Bonds and Financing
Energy Storage

Battery storage emerging as project financing opportunity: Moody’s

Battery storage is increasingly emerging as a project finance opportunity, although the technology “still presents risks and challenges that could affect the development of battery storage on a non-recourse, project-finance basis,” Moody’s Investors Service said in a recent report.

In the March 19 report, the rating agency said that battery storage technology “is emerging as a tool to boost electric grid reliability, which is credit positive for owners of intermittent renewable energy generation and for grid operators.”

“While the developing technology presents some unique challenges, we view the financing approach of a battery storage project to be broadly akin to many of the risks associated with financing a conventional power project,” said Rick Donner, a vice president and senior credit officer at Moody’s.

Different revenue models offer a range of credit risks

The report said that one of the most important issues in battery storage is the revenue model utilized. “This can be a merchant model, where the market determines the revenues; a contracted model where revenues are prescribed under long-term contractual arrangements; or a combination of the two,” Moody’s noted.

According to the report, from a credit perspective, the contracted model is the most positive, followed by a model that combines contracted and merchant elements, or “value stacking,” while the weakest from this perspective is the pure merchant model. The merchant model “brings volatility and regulatory risk,” the report said.

With respect to the contracted revenue model, Moody’s said, “all else being equal, long-term contractual arrangements with a creditworthy counterparty are the most credit positive for storage projects, whether the project is standalone or built in conjunction with other technology, such as combined cycle natural gas or PV solar.”

Executed power purchase agreements that have a demand/capacity charge as well as a payment covering variable costs, such as those that have been executed in California, create greater cash-flow certainty, the report noted.

A combined contracted and merchant revenue model, or value stacking, offers a greater cash flow risk than a purely contracted revenue model.

“Batteries are capable of providing a wide variety of services: time shifting renewable energy production, ancillary services, a source of capacity for the grid, on-peak/off-peak arbitrage, peak shaving etc.,” Moody’s noted. “The ability to provide multiple services is enhanced further when a number of small batteries at customer locations are aggregated into a portfolio.”

Value stacking typically includes one contracted revenue stream along with others that are merchant and less certain.

For example, when a battery storage project is not providing contractual services, it can provide ancillary services to the grid and make extra money, Moody’s pointed out. “This cash flow is, however, less certain. Value stacking not only implies greater uncertainty of overall cash flows, but the multiple uses implied by value stacking also has implications for a project’s operating risk profile. This is because the additional uses could change the project's operating profile for which it was designed and increase the risk of faster degradation.”

Opportunities for financing battery storage on a project basis are increasing

Moody’s said that opportunities for financing battery storage on a project basis are growing.

Moody’s said that a primary determinant for financing battery storage on a project finance basis, like other power projects, is the visibility and predictability of the revenue stream.

It said that a battery storage project that has a long-term contract with a creditworthy counterparty “provides a lower risk profile from a revenue and cash-flow generation perspective than one using a merchant revenue model.”

Also, “whether the storage project is standalone or part of another proven technology, like natural gas or PV solar, it is credit supportive for any project to have its revenue determined by the terms of a contract.”

Projects that have both contracted and merchant cash flows can earn extra revenues and generate incremental cash flow by offering ancillary services to the grid when not providing power under the contract, the report notes. “However, while receipt of these cash flows are positive considerations, the incremental ancillary services could impact a project’s operating profile, which might offset the revenue earned from providing these services.”

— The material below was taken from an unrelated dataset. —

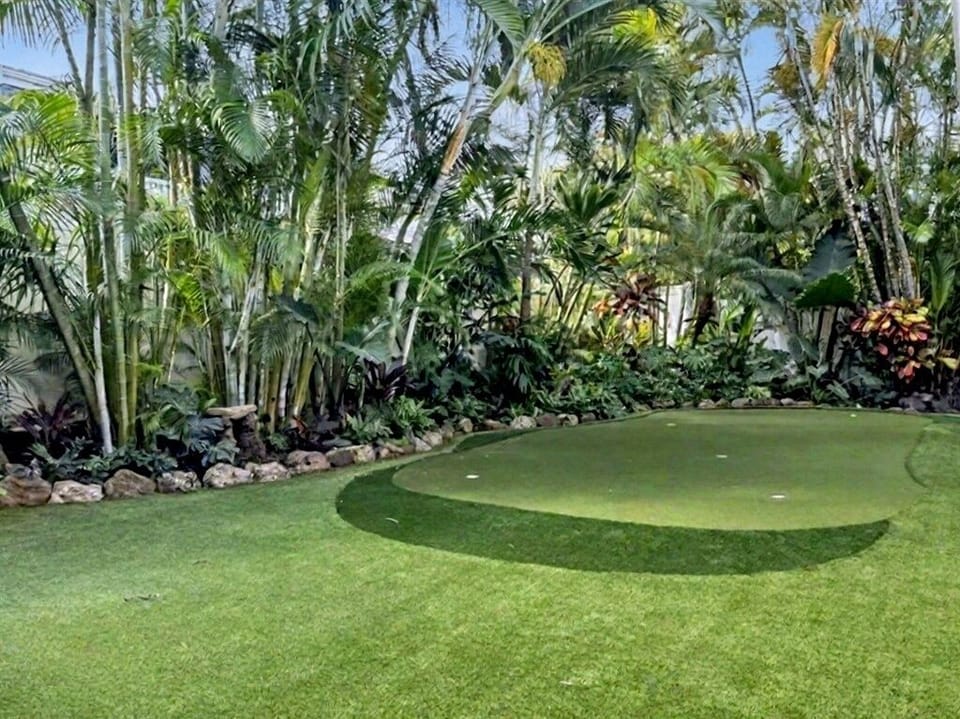 New putting green!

Lithium ion batteries have become technology of choice

Moody’s also noted that due to their emission efficiency and scalability, lithium ion batteries have become the technology of choice for the energy storage sector, and developers have seen significant cost reductions over the past decade. If current trends continue, lithium ion battery costs will drop to around $100 per kilowatt hour by 2020-2022 from around $200 per kilowatt hour today, the rating agency said. 

 In addition to falling costs, regulatory support is driving volume growth in the energy storage market, which is projected to show a nine-fold increase from 2017 to 2022. The California Public Utilities Commission, for example, has adopted a storage procurement mandate of 1,325 megawatts of storage by 2020 for the state’s three investor-owned utilities.

“Hawaii, Massachusetts, New York, Maryland, New Jersey, Oregon and Nevada have also adopted storage mandates and regulations,” said Donner. “At the federal level, the 30% Investment Tax Credit remains available for energy storage, provided it is coupled with renewable generation.”

New York Gov. Andrew Cuomo recently set a goal of adding 1,500 megawatts of energy storage by 2025 in New York state.

Association report on energy storage

The American Public Power Association has released a report that reviews the various types of storage technologies, the services storage can provide a utility, and the economics of deploying energy storage.

The report also details how public power utilities are implementing storage systems and how state and federal policies incentivize energy storage.